La vita di Richard è segnata dalla solitudine: relegato nel mondo dei neri, la sua costante volontà di ergersi ad essere umano lo rende un emarginato nella sua stessa comunità, incapace di comprendere le motivazioni che lo sospingono ad elevarsi come essere a sé. Il mondo nero è fatto di soprusi e carognate, ma Richard continuerà a ribellarsi.
Alla solitudine si aggiunge il perenne peso del silenzio: zittito dai bianchi, zittito dagli altri neri, zittito dalla sua stessa famiglia, Richard non trova mai una risposta dagli altri, se non attraverso le sue stesse elucubrazioni. Richard è un bambino curioso, affamato di sapere, ma nessuno sembra voler soddisfare questo suo bisogno. Abbandonato a se stesso, Richard trova le risposte che cerca nei libri; di qualsiasi genere essi siano, sono i libri la chiave per scoprire il mondo, in tutte le sue forme più recondite. Grazie alla lettura, Richard scopre anche il potere delle parole, un potere enorme, apparentemente innocente, ma in grado di ferire; un’arma raffinata e tagliente che il futuro scrittore afroamericano userà per uscire finalmente dal silenzio che lo ha oppresso per tutta la vita.

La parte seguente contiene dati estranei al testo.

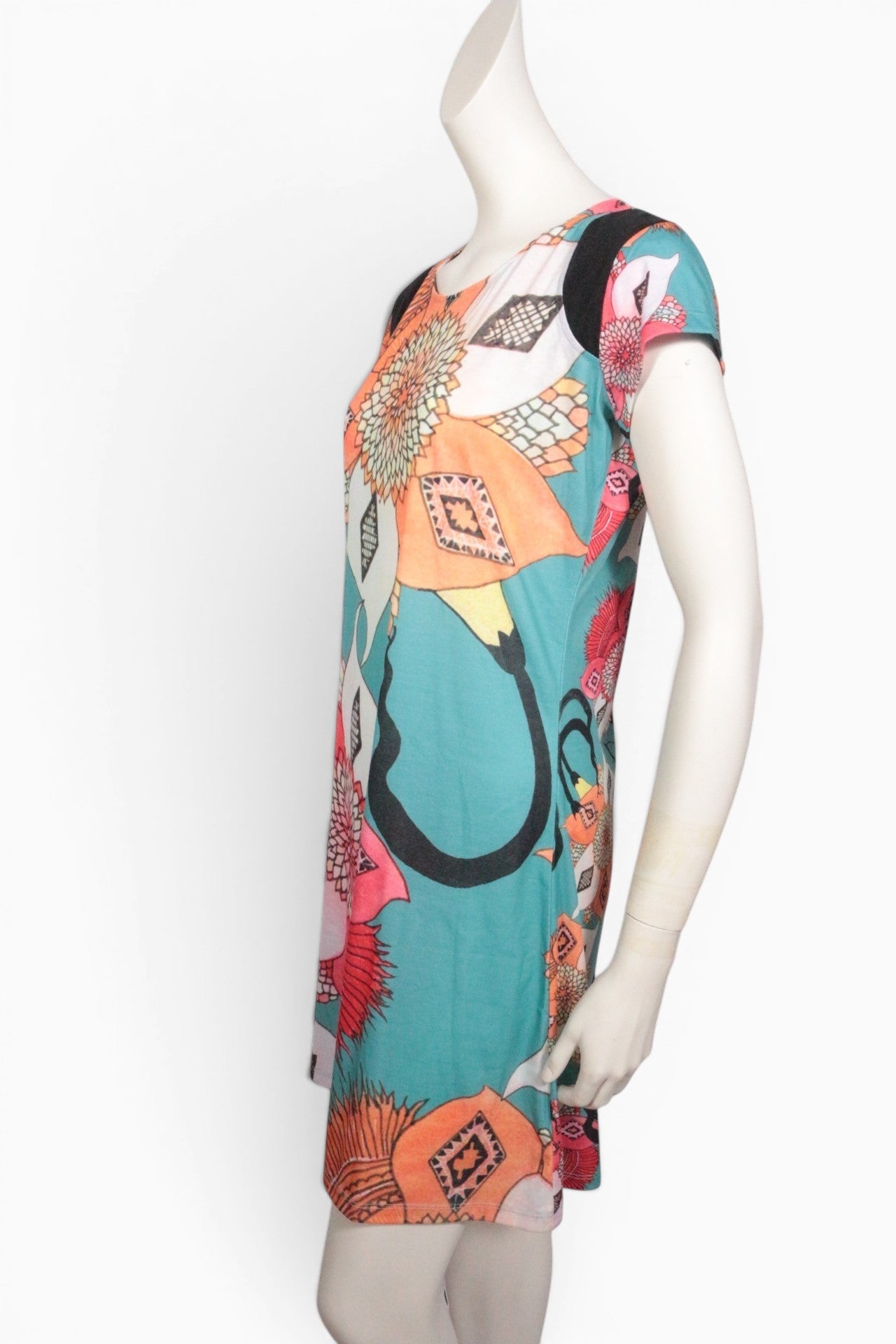 Robe courte Frippindealz en polyester multicolore avec motif floral abstrait et manches courtes sur mannequin
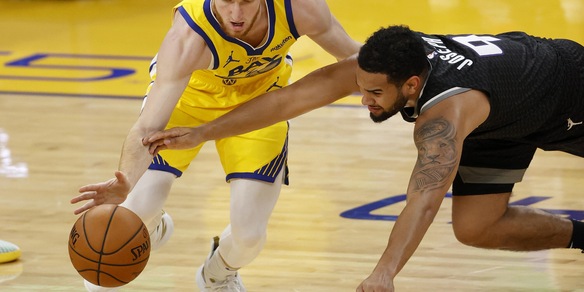 Nico Mannion, esordio in Nba contro i Kings: due assist per lui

Romanzo dai tratti duri, la violenza che ne emerge è sconcertante. La supremazia bianca regna sovrana e i neri esercitano su se stessi la repressione voluta dai bianchi; qualsiasi atto di sicurezza da parte di un nero, manda in crisi la coscienza bianca, minando la sua legittimazione a tali crudeltà. Dall’altra parte, i neri accettano mestamente questa condizione, sentendosi così avallati nel compiere atti a discapito della morale bianca: se è il bianco che mi dà lavoro ma mi paga una miseria e mi maltratta, io nero posso allora vendicarmi rubando, truffando l’uomo bianco. E tutto ciò ai bianchi sta bene, perché è un atteggiamento rafforzativo al loro razzismo: che rispetto si può avere per i neri se rubano?
Un circolo vizioso, dunque, che mina costantemente il rapporto tra bianchi e neri.


Richard Wright dice NO a tutto questo, vuole spezzare questa catena di ricatti e rivendicazioni macchinate dall’odio razziale, perché vuole sentirsi libero di vivere con la sua esistenza con la sua morale, con le sue idee e con tutto il suo essere.
L’alternativa per una vita migliore sembra, così, essere il nord, l’utopia del benessere nero.


Conclusioni
Ragazzo negro è la storia di un uomo che ha deciso di essere padrone del suo destino, andando oltre i limiti del colore della sua pelle, nel bene e nel male. Non solo; è la testimonianza delle penose e difficili condizioni che gli afroamericani hanno dovuto affrontare per ottenere il loro posto nel mondo.